Word for word, restate the lines of the data below between those holding "Camiseta Rock The" and "Magic | Archfiend", inclusive; pictures do not belong in the copy.
*** TASK INPUT Section Begins ***
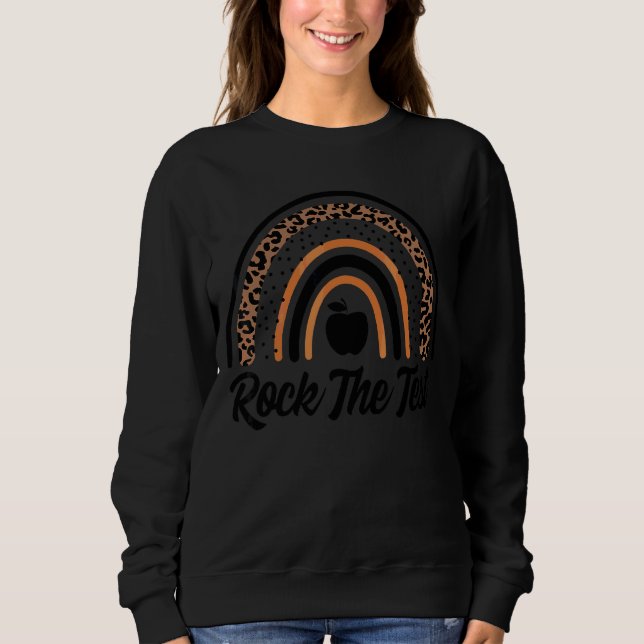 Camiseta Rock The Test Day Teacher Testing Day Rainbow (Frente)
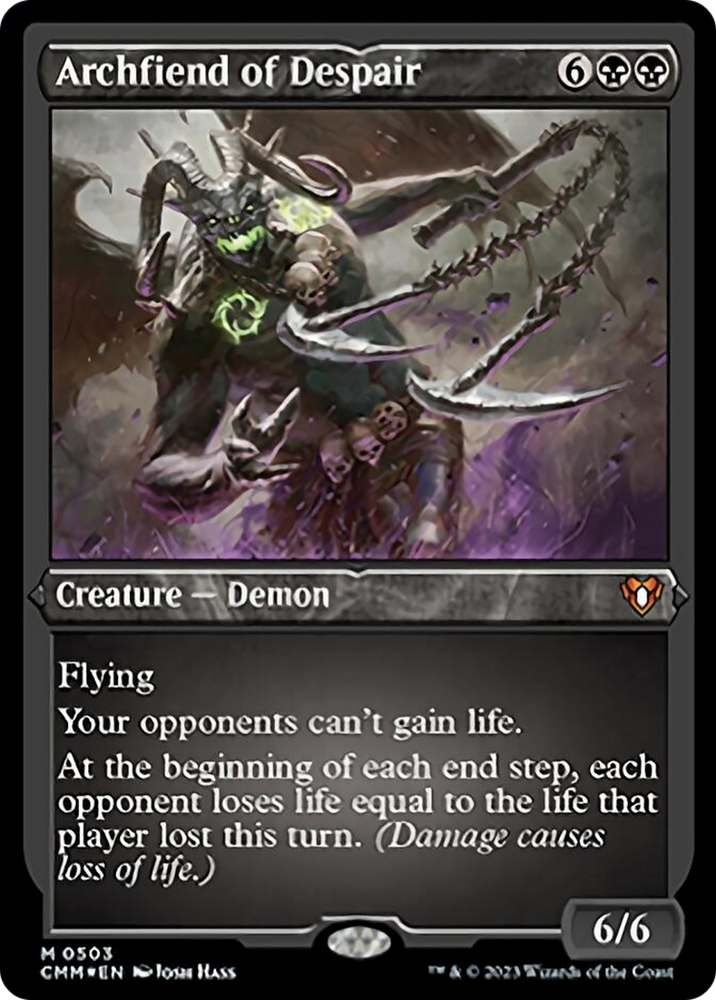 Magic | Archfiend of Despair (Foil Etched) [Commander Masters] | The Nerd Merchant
*** TASK INPUT Section Ends ***
*** TASK INPUT Section Begins ***
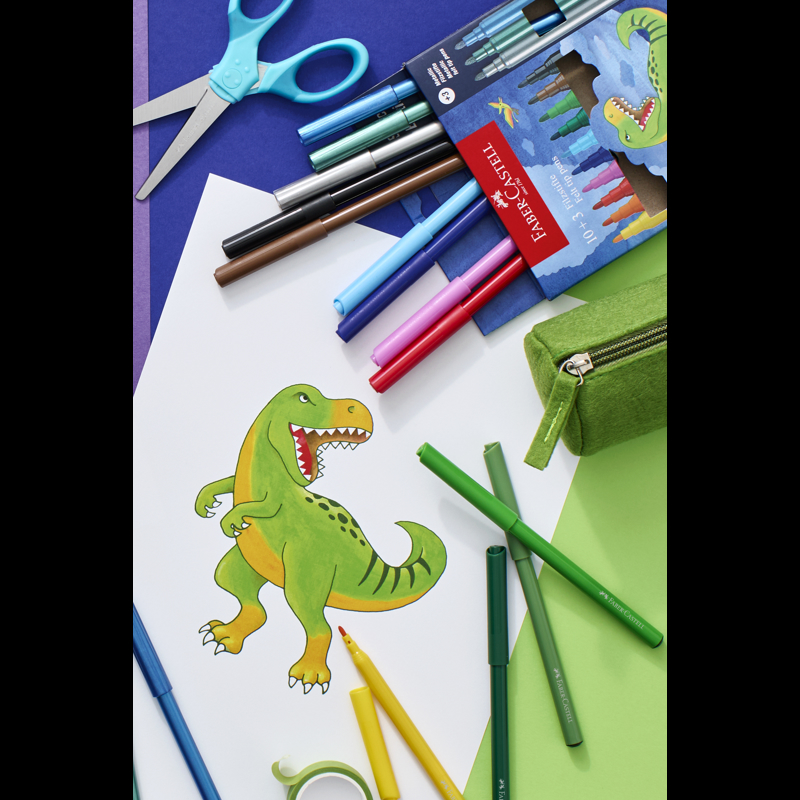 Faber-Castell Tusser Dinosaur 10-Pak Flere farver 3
*** TASK INPUT Section Ends ***
*** TASK INPUT Section Begins ***
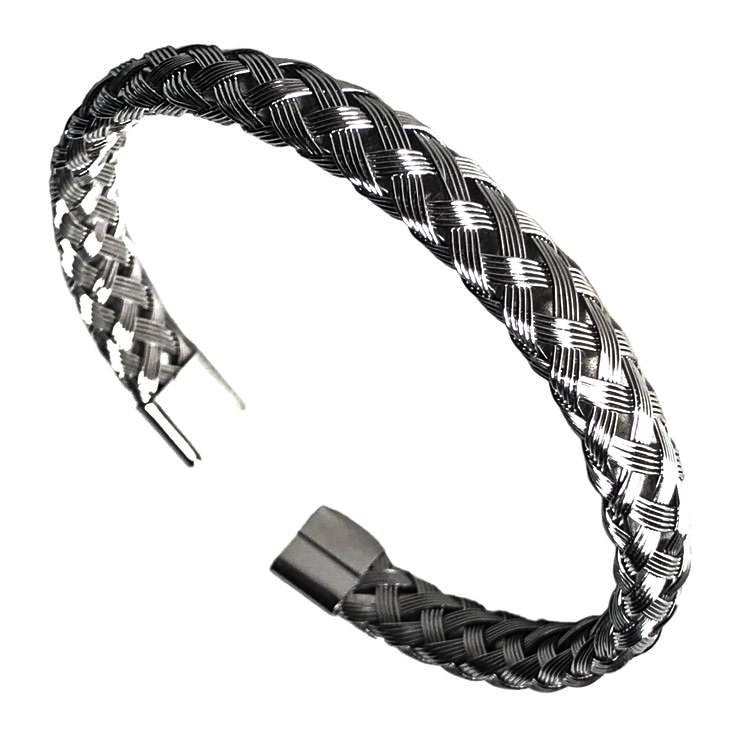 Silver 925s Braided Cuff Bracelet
*** TASK INPUT Section Ends ***
TASK RESPONSE:
 Camiseta Rock The Test Day Teacher Testing Day Rainbow (Frente)
 Magic | Archfiend of Despair (Foil Etched) [Commander Masters] | The Nerd Merchant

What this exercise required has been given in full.